Estas publicaciones me han hecho pensar en lo importante que fue
Cortázar para mí y para muchos de mi generación, cuando vivíamos la
llegada de cada uno de sus libros como un acontecimiento, una ventana
abierta. Me ha dado un pequeño vuelco el corazón al leer que, en las
navidades del 74, el gigante argentino vagabundeaba “solo y sin amigos a
los que ver” por las calles de Barcelona: inevitable pensar que hubiera
podido toparme con él una de aquellas noches, cuando andaba yo empapado
en garúa adolescente y buscando hermanos mayores, en lo más alto de mi
veneración por Rayuela, por los cuentos, por todas y cada una
de las cosas que escribía. ¡Qué ganas de gritarle: “¡Acá, acá! ¡Cebate
un amargacho, viejo!”. Pobre hombre, de la que se libró.

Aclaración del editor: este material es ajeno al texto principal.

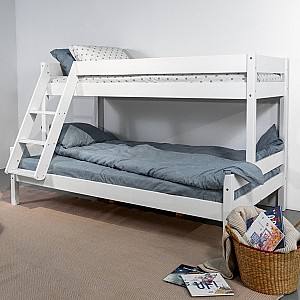 Pat copii MobiCasa Mira White 80/120x200
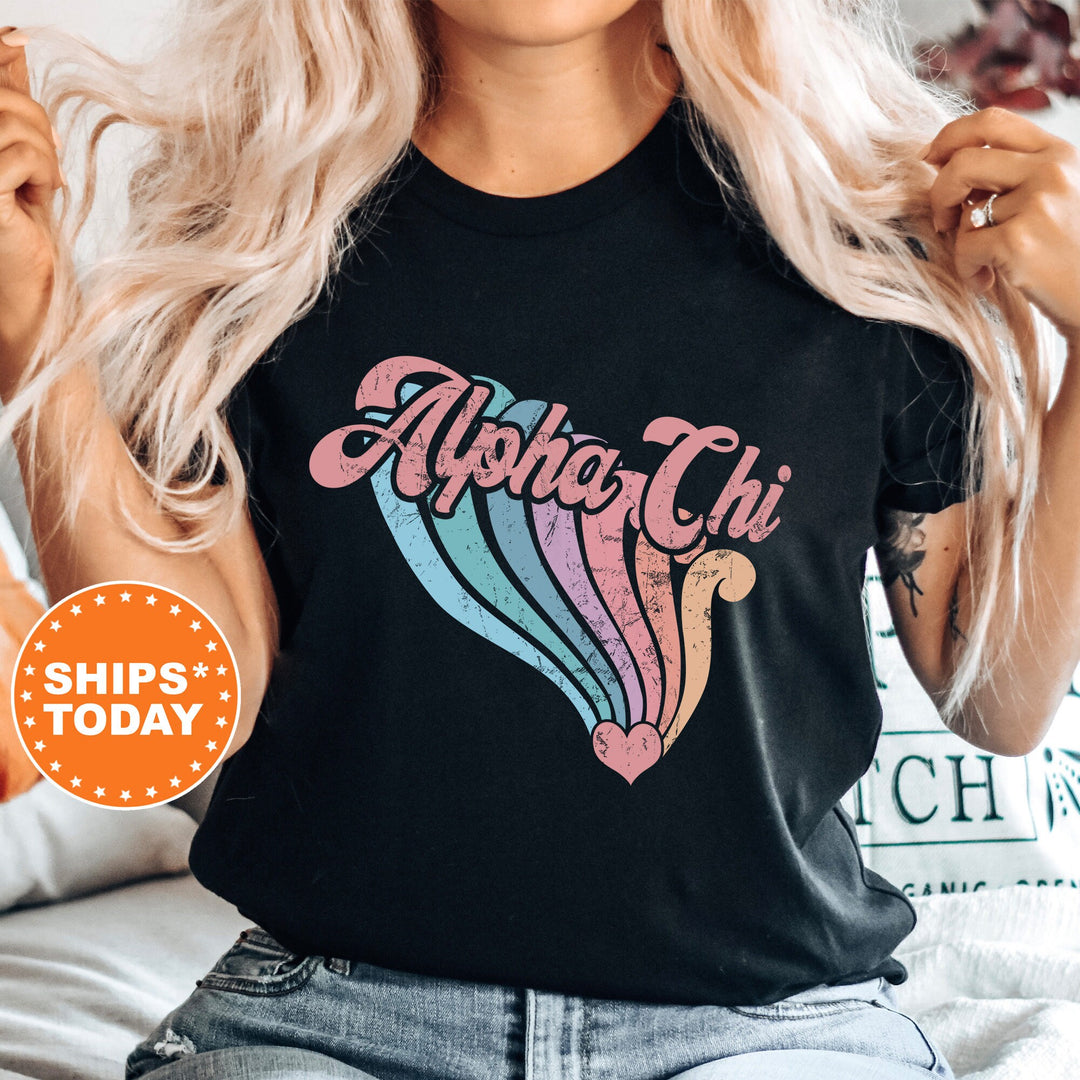 Alpha Chi Omega Bright and Unifying Sorority T-Shirt | Alpha Chi Comfort Colors | Big Little Sorority Gift | Custom Sorority Shirt _ 7566g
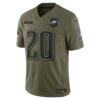 Brian Dawkins Philadelphia Eagles Limited Jersey - Olive, Limited Replica Fan Edition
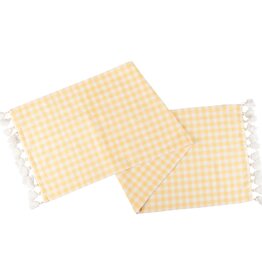 Yellow Gingham Table Runner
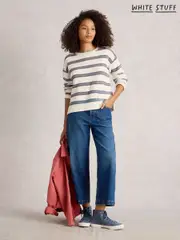 White Stuff White Victoria Stripe Jumper (H74845) | $127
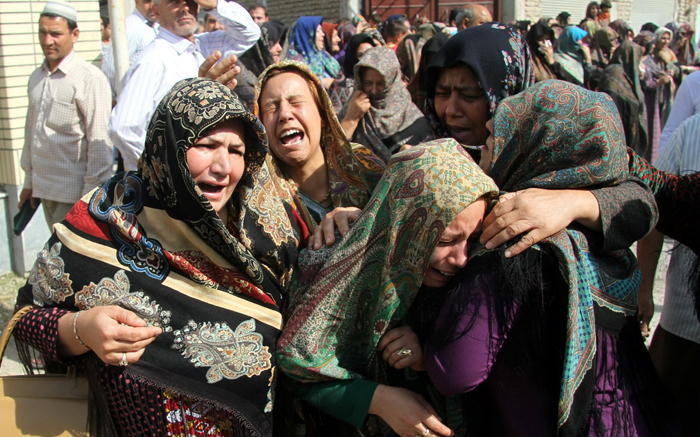 (تصاویر) خاکسپاری جانباختگان منا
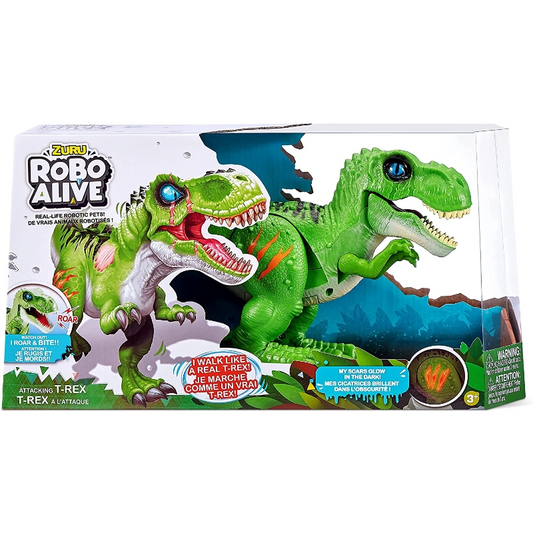 Robo Alive - Attacking T-Rex, Series 2 | 3Y+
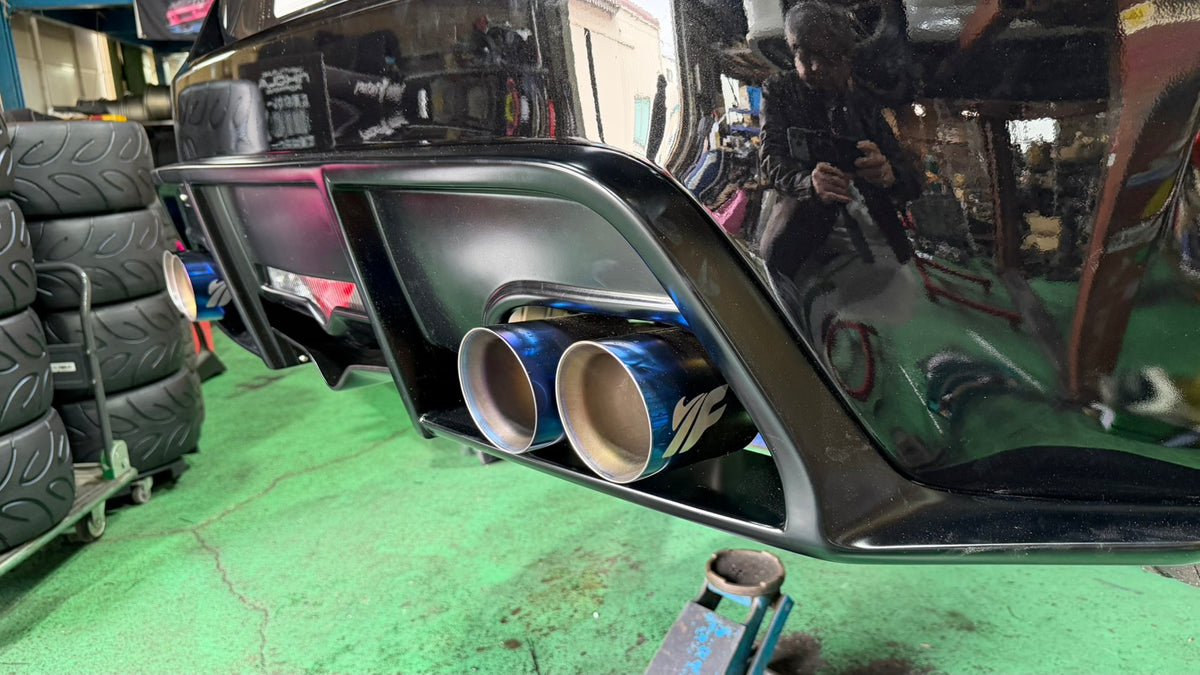 Yashio Factory Toyota 86 / GR86 (ZN6 / ZN8) Super Silent Titanium Muffler 4, Quad Exit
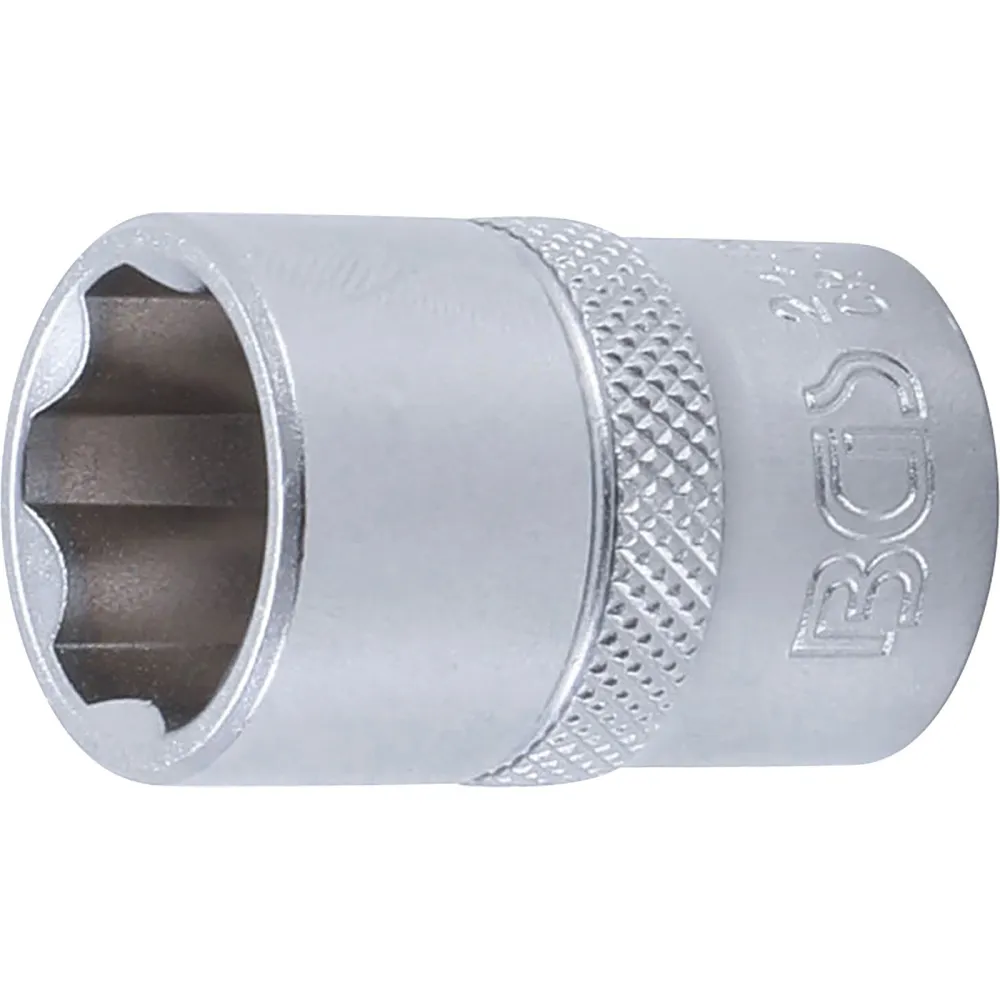BGS Steckschlüssel-Einsatz Super Lock Antrieb Innenvierkant 12,5 mm (1/2") SW 18 mm - 2418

Hoy, tantos años después, podemos decir que ante la dictadura cubana
pecó de ingenuo o prefirió mirar para otro lado, y que el intento de
fusionar literatura y política desballestó Libro de Manuel,
novela apresurada y torpísima por la que fue crucificado, como si
anulara su deslumbrante trayectoria anterior: a muchos otros les
perdonan errores insistentemente continuados, pero a él le tenían
muchísimas ganas.
Me conmueven sus cartas de 1973-76 del mismo modo que me parten el
corazón las de cualquier escritor español en vísperas de la República:
el luminoso anhelo de que todo podía cambiar, todo estaba al alcance de
la mano, y de repente el cielo se resquebraja a tiros. Y me produce un
respeto imponente el Cortázar que tras las pesadillas golpistas se
multiplica, se desvive por sacar gente de Chile y de Argentina, y
encontrarles acomodo en Europa, y dedica la mayor parte de su tiempo a
trabajar para el Tribunal Russell y dar voz a quienes la han perdido.

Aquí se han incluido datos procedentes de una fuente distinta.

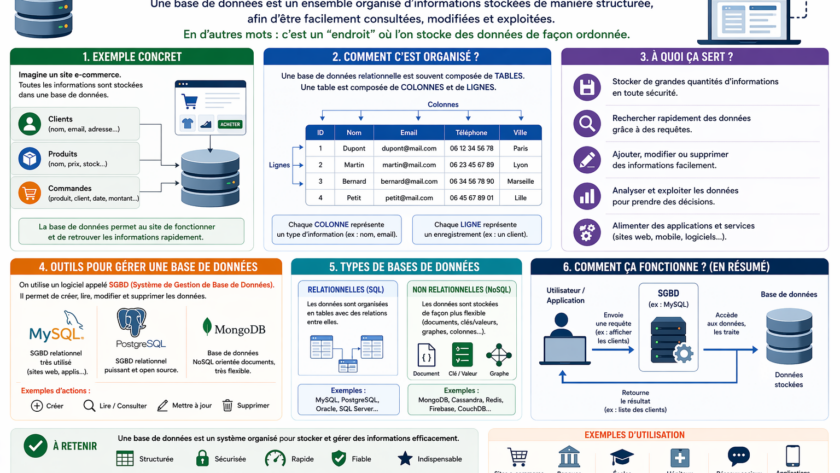 Qu’est-ce qu’une base de données en informatique ?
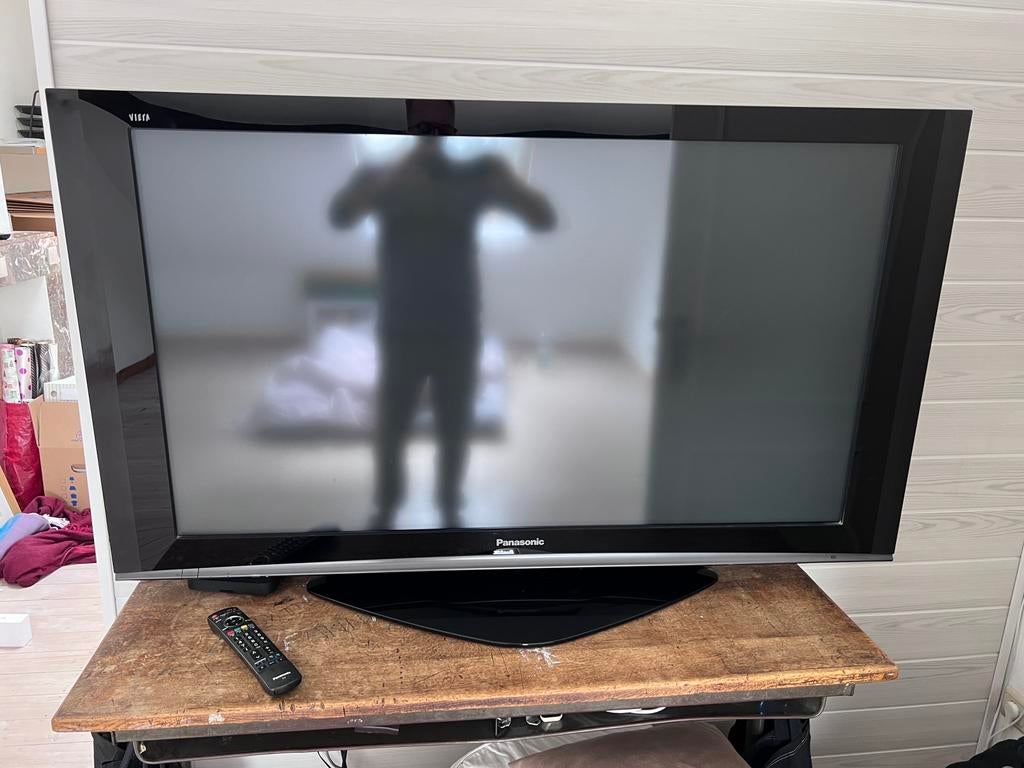 TV Plasma 50´, Panasonic, Enlèvement, Utilisé, 100 cm ou plus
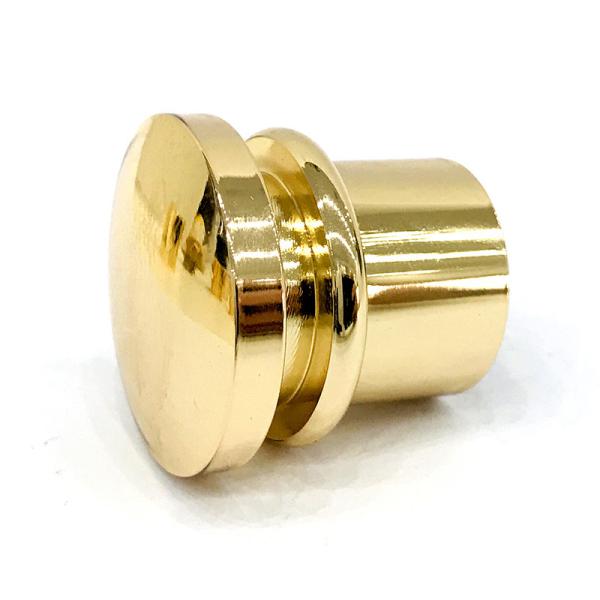 Classic Light Gold Color Zamak Aluminum Perfume Bottle Caps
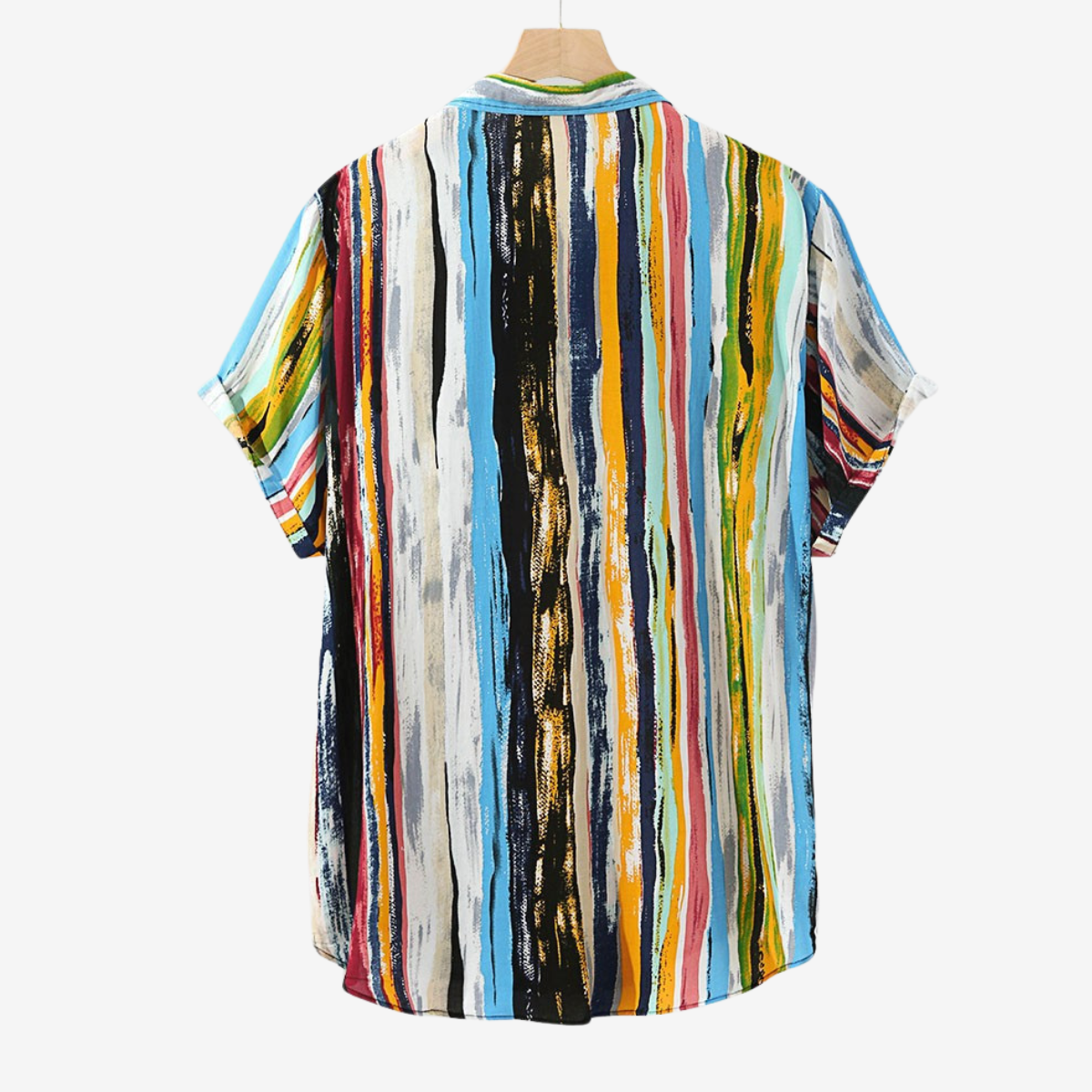 Heel | Abstract Artisanal Print Shirt - TARHUS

Entretanto, a Kissinger le dieron el Nóbel de la Paz como premio por
la operación Cóndor, y la hombría de bien bajó aparatosamente en bolsa, y
comenzó a ponerse de moda sonreír irónicamente y despachar a Cortázar y
a otros tantos como él hablando de su “trasnochado idealismo”.

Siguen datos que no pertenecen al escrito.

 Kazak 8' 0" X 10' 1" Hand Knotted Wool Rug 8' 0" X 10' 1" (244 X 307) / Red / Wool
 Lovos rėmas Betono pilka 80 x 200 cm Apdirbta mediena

Y no solo entonces. Me dicen que tanto en Argentina como aquí hay
jóvenes autores que han hecho una bandera, sin aparentes escarapelas
ideológicas, del desdén hacia el enorme cronopio. Suele pasar con los
escritores que tuvieron gran influencia en su momento, y aventuro que
algo parecido le sucederá a Bolaño en las próximas décadas. A los que
militan en la negación, la risilla y el sol que más calienta no vale la
pena decirles nada. A los otros les digo que se zambullan en sus
inmarcesible cuentos, en sus vivísimas misceláneas, pero también que
conozcan al hombre que muestran estas cartas y este curso.